TASK STATEMENT:
Write out again, exactly, the lines below starting at the one with "traverten ayakli luxury" and ending at the one with "Poncho de camuflaje".

AVAILABLE RECORDS:
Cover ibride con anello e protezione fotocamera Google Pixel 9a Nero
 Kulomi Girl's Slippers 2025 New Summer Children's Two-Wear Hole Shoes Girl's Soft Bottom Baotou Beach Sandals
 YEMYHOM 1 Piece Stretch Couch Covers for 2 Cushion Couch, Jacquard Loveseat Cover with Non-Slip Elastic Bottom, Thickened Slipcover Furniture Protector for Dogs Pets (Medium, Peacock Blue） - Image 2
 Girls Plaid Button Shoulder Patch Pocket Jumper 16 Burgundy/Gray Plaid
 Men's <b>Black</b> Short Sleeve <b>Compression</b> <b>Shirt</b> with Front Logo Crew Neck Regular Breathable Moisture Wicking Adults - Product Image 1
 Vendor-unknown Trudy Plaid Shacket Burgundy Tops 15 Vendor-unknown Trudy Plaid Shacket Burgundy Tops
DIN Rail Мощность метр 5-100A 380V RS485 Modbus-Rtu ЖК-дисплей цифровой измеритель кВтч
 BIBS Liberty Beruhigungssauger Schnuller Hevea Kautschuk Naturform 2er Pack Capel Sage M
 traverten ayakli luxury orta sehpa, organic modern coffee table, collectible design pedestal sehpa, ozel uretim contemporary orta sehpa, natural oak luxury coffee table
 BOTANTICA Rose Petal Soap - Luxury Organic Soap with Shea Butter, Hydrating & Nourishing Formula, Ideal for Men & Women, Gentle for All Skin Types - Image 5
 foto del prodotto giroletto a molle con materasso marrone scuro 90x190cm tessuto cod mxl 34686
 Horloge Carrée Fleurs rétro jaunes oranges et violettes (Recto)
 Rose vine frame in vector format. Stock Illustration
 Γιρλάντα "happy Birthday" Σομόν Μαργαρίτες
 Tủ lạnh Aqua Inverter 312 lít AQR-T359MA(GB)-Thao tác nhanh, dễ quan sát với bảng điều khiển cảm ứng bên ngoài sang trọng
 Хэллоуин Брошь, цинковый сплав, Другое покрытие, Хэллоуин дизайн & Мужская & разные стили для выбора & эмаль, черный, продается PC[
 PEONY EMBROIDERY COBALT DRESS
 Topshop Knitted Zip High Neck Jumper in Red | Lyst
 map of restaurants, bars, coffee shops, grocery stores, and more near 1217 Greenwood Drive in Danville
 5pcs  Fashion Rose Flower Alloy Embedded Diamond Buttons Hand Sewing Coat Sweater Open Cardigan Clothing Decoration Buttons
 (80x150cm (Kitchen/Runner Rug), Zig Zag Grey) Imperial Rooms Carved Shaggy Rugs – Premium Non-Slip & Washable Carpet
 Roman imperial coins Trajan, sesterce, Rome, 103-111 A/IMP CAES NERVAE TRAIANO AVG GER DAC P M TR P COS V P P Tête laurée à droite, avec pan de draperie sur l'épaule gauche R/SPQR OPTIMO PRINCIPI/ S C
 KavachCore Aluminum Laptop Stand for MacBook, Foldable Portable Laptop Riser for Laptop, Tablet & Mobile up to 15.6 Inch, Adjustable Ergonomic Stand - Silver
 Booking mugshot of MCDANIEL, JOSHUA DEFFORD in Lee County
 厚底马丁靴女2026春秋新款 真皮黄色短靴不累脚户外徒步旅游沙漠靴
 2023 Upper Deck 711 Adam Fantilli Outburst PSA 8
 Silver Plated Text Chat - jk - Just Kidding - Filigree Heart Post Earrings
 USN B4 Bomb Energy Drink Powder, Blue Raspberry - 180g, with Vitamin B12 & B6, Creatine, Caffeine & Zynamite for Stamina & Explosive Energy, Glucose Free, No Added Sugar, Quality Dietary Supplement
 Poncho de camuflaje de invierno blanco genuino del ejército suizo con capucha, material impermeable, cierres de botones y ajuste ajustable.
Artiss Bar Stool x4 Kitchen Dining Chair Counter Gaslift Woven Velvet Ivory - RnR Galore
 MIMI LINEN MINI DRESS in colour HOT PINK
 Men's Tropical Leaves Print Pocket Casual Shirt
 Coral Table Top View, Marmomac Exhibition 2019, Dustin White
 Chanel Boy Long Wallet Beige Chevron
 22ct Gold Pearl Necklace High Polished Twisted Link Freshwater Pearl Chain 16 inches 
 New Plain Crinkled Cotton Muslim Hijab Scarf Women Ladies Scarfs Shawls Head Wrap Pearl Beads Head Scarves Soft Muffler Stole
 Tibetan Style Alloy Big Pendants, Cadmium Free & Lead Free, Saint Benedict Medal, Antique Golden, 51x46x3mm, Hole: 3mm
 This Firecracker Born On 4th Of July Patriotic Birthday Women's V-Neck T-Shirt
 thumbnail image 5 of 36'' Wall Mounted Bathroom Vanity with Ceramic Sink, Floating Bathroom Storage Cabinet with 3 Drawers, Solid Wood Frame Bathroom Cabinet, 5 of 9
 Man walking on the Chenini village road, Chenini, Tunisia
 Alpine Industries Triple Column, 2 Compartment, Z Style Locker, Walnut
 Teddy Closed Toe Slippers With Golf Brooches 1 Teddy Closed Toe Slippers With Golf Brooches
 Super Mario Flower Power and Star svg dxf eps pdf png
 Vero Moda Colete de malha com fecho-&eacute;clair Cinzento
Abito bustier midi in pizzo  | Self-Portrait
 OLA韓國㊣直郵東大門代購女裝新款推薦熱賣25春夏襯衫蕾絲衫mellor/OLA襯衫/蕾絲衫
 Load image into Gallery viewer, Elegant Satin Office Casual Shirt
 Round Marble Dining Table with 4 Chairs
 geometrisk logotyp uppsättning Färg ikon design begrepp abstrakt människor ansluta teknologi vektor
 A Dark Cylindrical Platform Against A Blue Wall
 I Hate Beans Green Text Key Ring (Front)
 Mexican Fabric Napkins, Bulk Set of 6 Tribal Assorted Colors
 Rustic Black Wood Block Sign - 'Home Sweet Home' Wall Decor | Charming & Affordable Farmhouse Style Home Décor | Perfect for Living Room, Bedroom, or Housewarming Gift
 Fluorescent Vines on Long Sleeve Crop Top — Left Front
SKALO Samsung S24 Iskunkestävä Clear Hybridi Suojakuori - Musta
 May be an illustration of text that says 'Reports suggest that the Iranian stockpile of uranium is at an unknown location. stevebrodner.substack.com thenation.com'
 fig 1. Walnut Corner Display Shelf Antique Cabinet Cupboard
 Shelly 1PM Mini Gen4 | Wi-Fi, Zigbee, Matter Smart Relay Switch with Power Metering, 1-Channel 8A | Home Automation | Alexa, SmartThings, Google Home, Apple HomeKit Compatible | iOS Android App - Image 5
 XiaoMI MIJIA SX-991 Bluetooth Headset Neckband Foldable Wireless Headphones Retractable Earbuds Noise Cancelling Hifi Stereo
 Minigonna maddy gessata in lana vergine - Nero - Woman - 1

ANSWER BOX:
 traverten ayakli luxury orta sehpa, organic modern coffee table, collectible design pedestal sehpa, ozel uretim contemporary orta sehpa, natural oak luxury coffee table
 BOTANTICA Rose Petal Soap - Luxury Organic Soap with Shea Butter, Hydrating & Nourishing Formula, Ideal for Men & Women, Gentle for All Skin Types - Image 5
 foto del prodotto giroletto a molle con materasso marrone scuro 90x190cm tessuto cod mxl 34686
 Horloge Carrée Fleurs rétro jaunes oranges et violettes (Recto)
 Rose vine frame in vector format. Stock Illustration
 Γιρλάντα "happy Birthday" Σομόν Μαργαρίτες
 Tủ lạnh Aqua Inverter 312 lít AQR-T359MA(GB)-Thao tác nhanh, dễ quan sát với bảng điều khiển cảm ứng bên ngoài sang trọng
 Хэллоуин Брошь, цинковый сплав, Другое покрытие, Хэллоуин дизайн & Мужская & разные стили для выбора & эмаль, черный, продается PC[
 PEONY EMBROIDERY COBALT DRESS
 Topshop Knitted Zip High Neck Jumper in Red | Lyst
 map of restaurants, bars, coffee shops, grocery stores, and more near 1217 Greenwood Drive in Danville
 5pcs  Fashion Rose Flower Alloy Embedded Diamond Buttons Hand Sewing Coat Sweater Open Cardigan Clothing Decoration Buttons
 (80x150cm (Kitchen/Runner Rug), Zig Zag Grey) Imperial Rooms Carved Shaggy Rugs – Premium Non-Slip & Washable Carpet
 Roman imperial coins Trajan, sesterce, Rome, 103-111 A/IMP CAES NERVAE TRAIANO AVG GER DAC P M TR P COS V P P Tête laurée à droite, avec pan de draperie sur l'épaule gauche R/SPQR OPTIMO PRINCIPI/ S C
 KavachCore Aluminum Laptop Stand for MacBook, Foldable Portable Laptop Riser for Laptop, Tablet & Mobile up to 15.6 Inch, Adjustable Ergonomic Stand - Silver
 Booking mugshot of MCDANIEL, JOSHUA DEFFORD in Lee County
 厚底马丁靴女2026春秋新款 真皮黄色短靴不累脚户外徒步旅游沙漠靴
 2023 Upper Deck 711 Adam Fantilli Outburst PSA 8
 Silver Plated Text Chat - jk - Just Kidding - Filigree Heart Post Earrings
 USN B4 Bomb Energy Drink Powder, Blue Raspberry - 180g, with Vitamin B12 & B6, Creatine, Caffeine & Zynamite for Stamina & Explosive Energy, Glucose Free, No Added Sugar, Quality Dietary Supplement
 Poncho de camuflaje de invierno blanco genuino del ejército suizo con capucha, material impermeable, cierres de botones y ajuste ajustable.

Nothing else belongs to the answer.